WHAT THE EXERCISE ASKS> Using the records below, write out only the lines from the line containing "BAAR BEARDS 100%" up to and including the line containing "Conception de logo", exactly, with no pictures.

RECORDS FOR THIS EXERCISE>
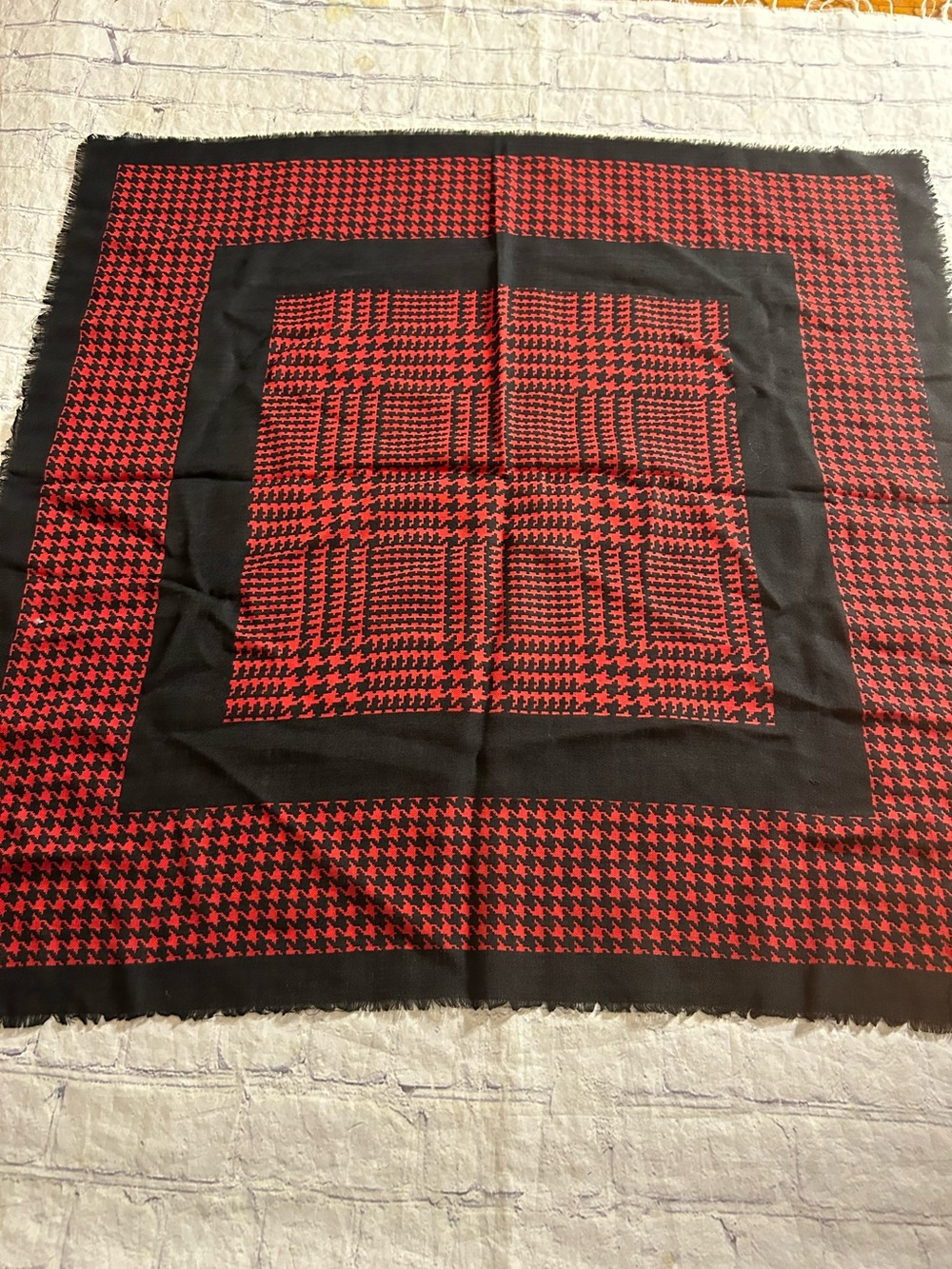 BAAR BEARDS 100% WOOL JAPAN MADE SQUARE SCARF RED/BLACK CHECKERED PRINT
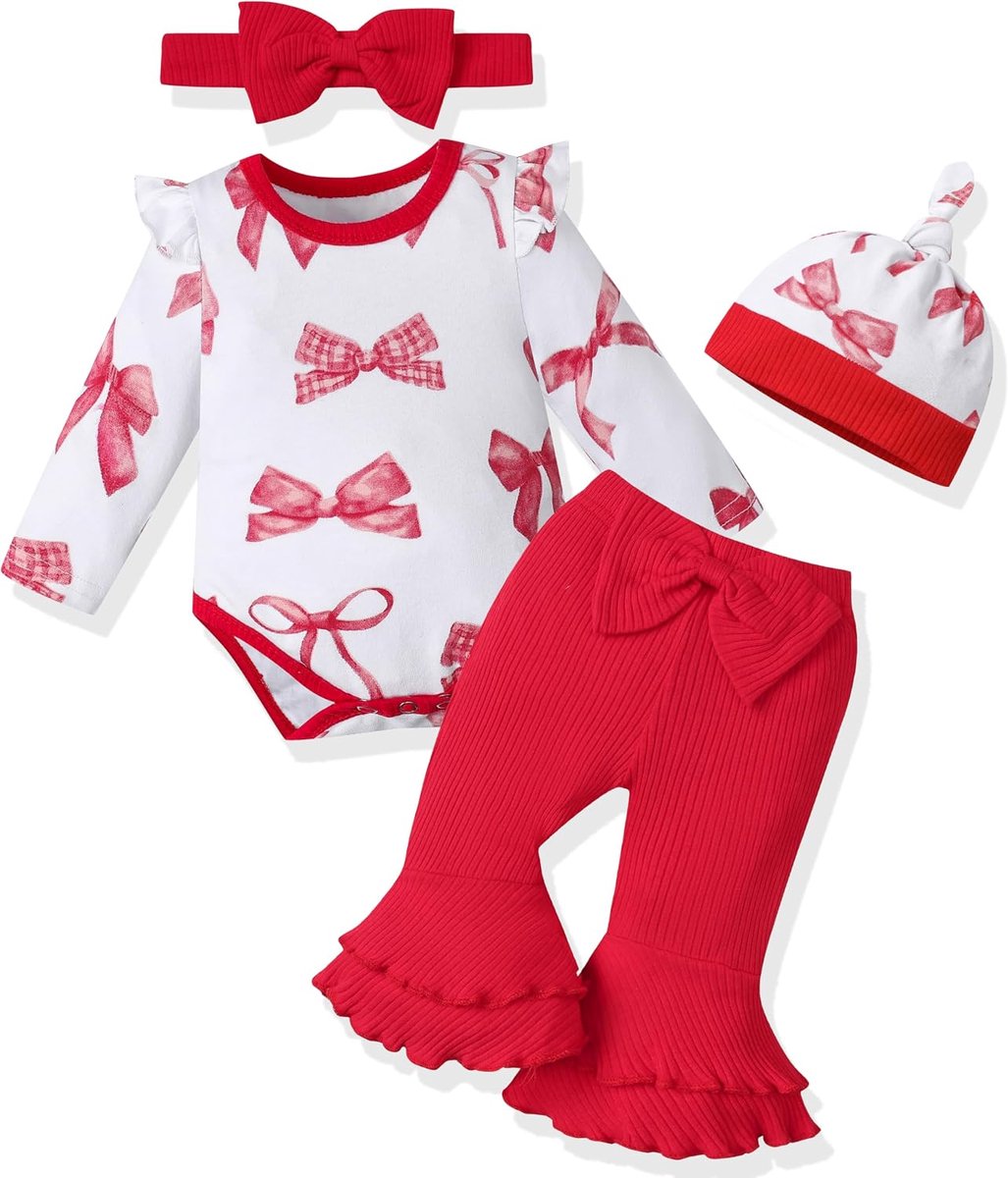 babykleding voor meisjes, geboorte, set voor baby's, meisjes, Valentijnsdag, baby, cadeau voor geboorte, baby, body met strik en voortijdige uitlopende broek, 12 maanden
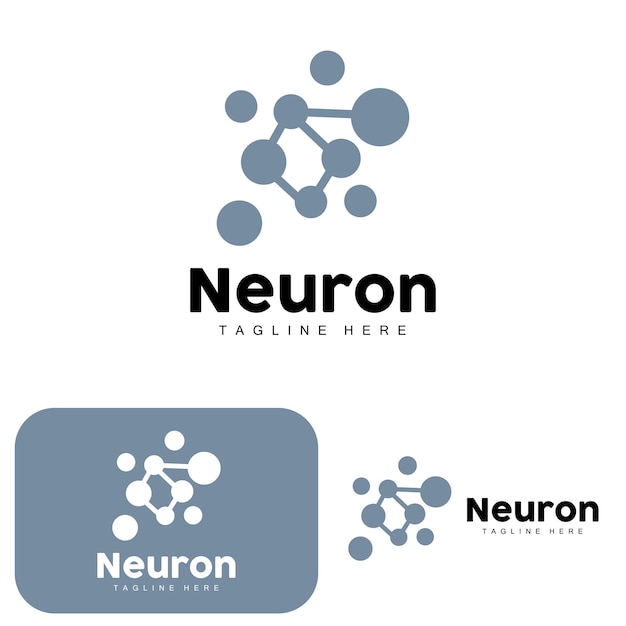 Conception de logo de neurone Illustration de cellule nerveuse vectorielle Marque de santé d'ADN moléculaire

---

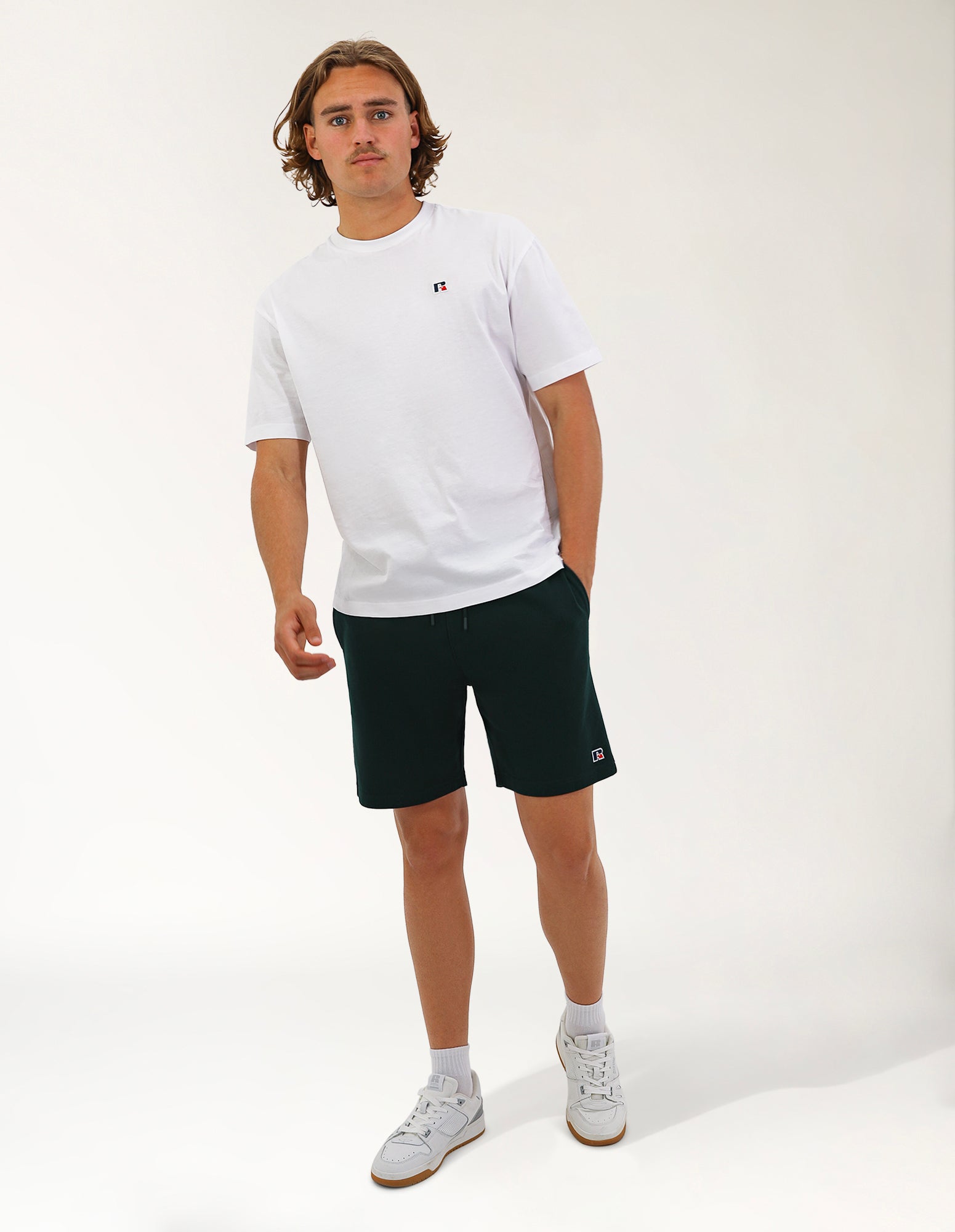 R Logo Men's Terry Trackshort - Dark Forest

--

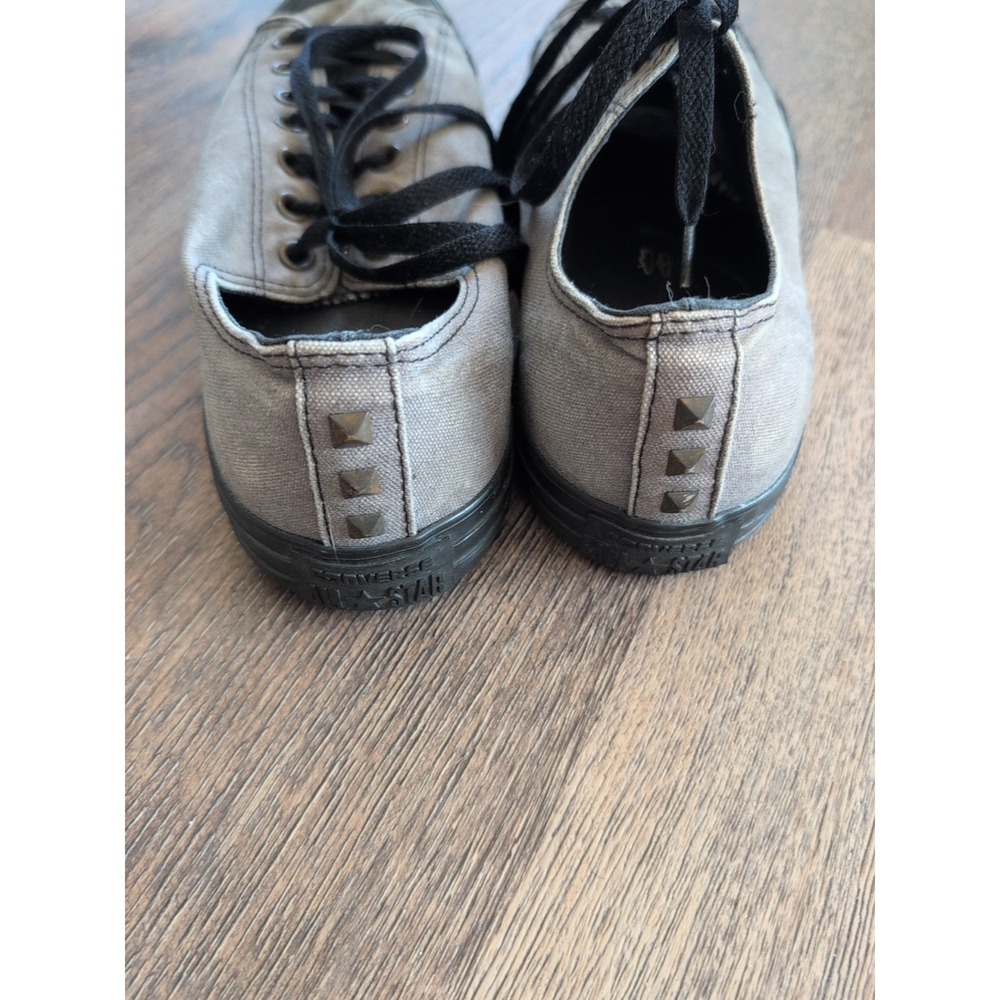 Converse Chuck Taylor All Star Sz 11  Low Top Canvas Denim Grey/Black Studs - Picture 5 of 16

ANSWER FOR THIS EXERCISE>
 BAAR BEARDS 100% WOOL JAPAN MADE SQUARE SCARF RED/BLACK CHECKERED PRINT
 babykleding voor meisjes, geboorte, set voor baby's, meisjes, Valentijnsdag, baby, cadeau voor geboorte, baby, body met strik en voortijdige uitlopende broek, 12 maanden
 Conception de logo de neurone Illustration de cellule nerveuse vectorielle Marque de santé d'ADN moléculaire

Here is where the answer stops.